Jadi, pagi ini ekspektasi yang saya maksud adalah pada perasaan. Maksusnya begini, kebanyakan ekspektasi yang muncul bermula dari perasaan seseorang. Misal, ekspektasinya adalah kalau ketemu doi, kamu akan diajak ngobrol. Otomatis, perasaan kamu akan jadi beda, mood kamu akan lebih baik. Tapi, pada faktanya, si doi hanya berlalu begitu saja. Dan, setelah itu kamu akan jadi sedih, atau justru berprangsangka yang tidak-tidak.

Ilustrasi saya benar nggak ya? Atau kalian nggak ngerti juga?

Okelah, langsung ke inti cerita aja. Kali ini, yang akan saya jadikan objek cerita adalah kisah saya semasa saya SMA, tepatnya di tahun 2013-2015, saat itu duduk di kelas 2 dan 3.
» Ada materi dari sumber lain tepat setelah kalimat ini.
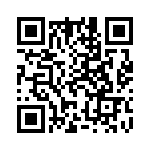 91900-21311 QRCode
Saya punya teman, yang sudah sekelas dengan saya 2 tahun lamanya. Kami bertemu pertama kali secara tidak sengaja, karena pada saat di kelas 1, kelas kami berdekatan, jadi setiap ujian semester, setiap pagi sebelum masuk, kami terlibat diskusi soal ataupun materi yang akan diujikan saat itu. Dia memang dikenal anak yang pintar dan juga mapan secara finansial, wajar dia adalah anak tentara. Anehnya, saya tidak tahu nama dia siapa, kami reflek saja langsung berdiskusi tentang materi. Setelah ujian semester berakhir, kami naik ke kelas 2.
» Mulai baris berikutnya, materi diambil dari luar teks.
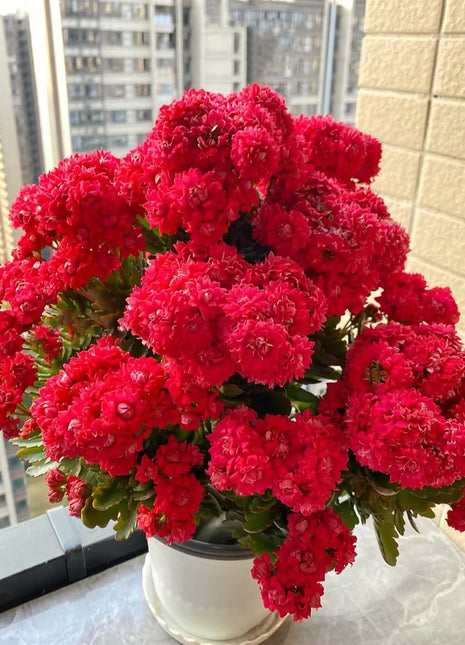 Kalanchoe Seed Garden Planting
Saya pun juga kaget, pas masuk kelas pertama kali, saya melihat dia tengah duduk di bangku depan. Pada alur yang ini, saya lupa giman kronologisnya, tetapi yang saya ingat adalah kami pun belum juga berkenalan, hanya berlalu gitu saja. Singkat cerita, entah apa yang membawa kami untuk duduk sebangku. Mengalir saja, kami mengobrol, kami bertukar pikiran, dan juga nggak canggung untuk saling mengajari satu sama lain. Tanpa berkenalan, akhirnya kami tahu siapa nama kami masing-masing, dan yaa begitulah.. Kehidupan kami saat itu berjalan biasa saja, layaknya anak SMA.
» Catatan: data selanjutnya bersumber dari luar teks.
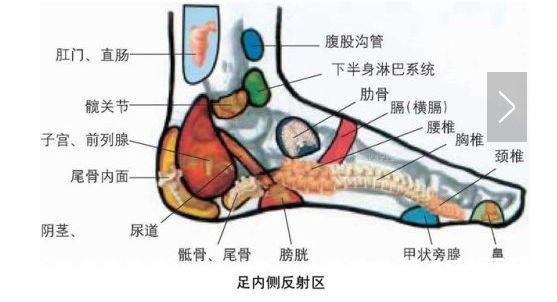 血压高在脚趾，肾病在脚心，五脏病皆治足！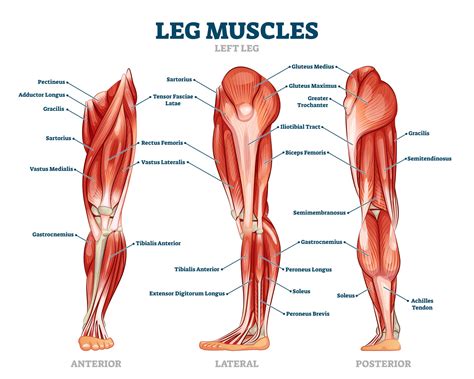 Walking After Stroke: 7 Exercise to Improve Strength and Balance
Hampir setiap hari kami bersama, setiap bel pulang berbunyi, kami selalu keluar kelas bersamaan, pernah juga sesekali kami pergi ke kedai makan bersama teman kami yang lain. Perlu diketahui, kami berdua menyukai beberapa hal yang sama, misal film dan juga teknologi. Tapi, untuk detailnya, kami ada di 2 dunia yang sangat berbeda. Dia sangat menyukai Japanese Culture, anime, genre film yang action, adventure, Sci-Fi dan saya menyukai genre film tertentu saja, semisal Animation, horror komedi, kurang lebih udah jelas banget perbedaannya. Kalau dari teknologi, dia sangat menyukai hampir setiap detail produk, dia lebih prefer ke barang china. Sedangkan saya, saya lebih mengamati kapasitas dan juga kegunaannya.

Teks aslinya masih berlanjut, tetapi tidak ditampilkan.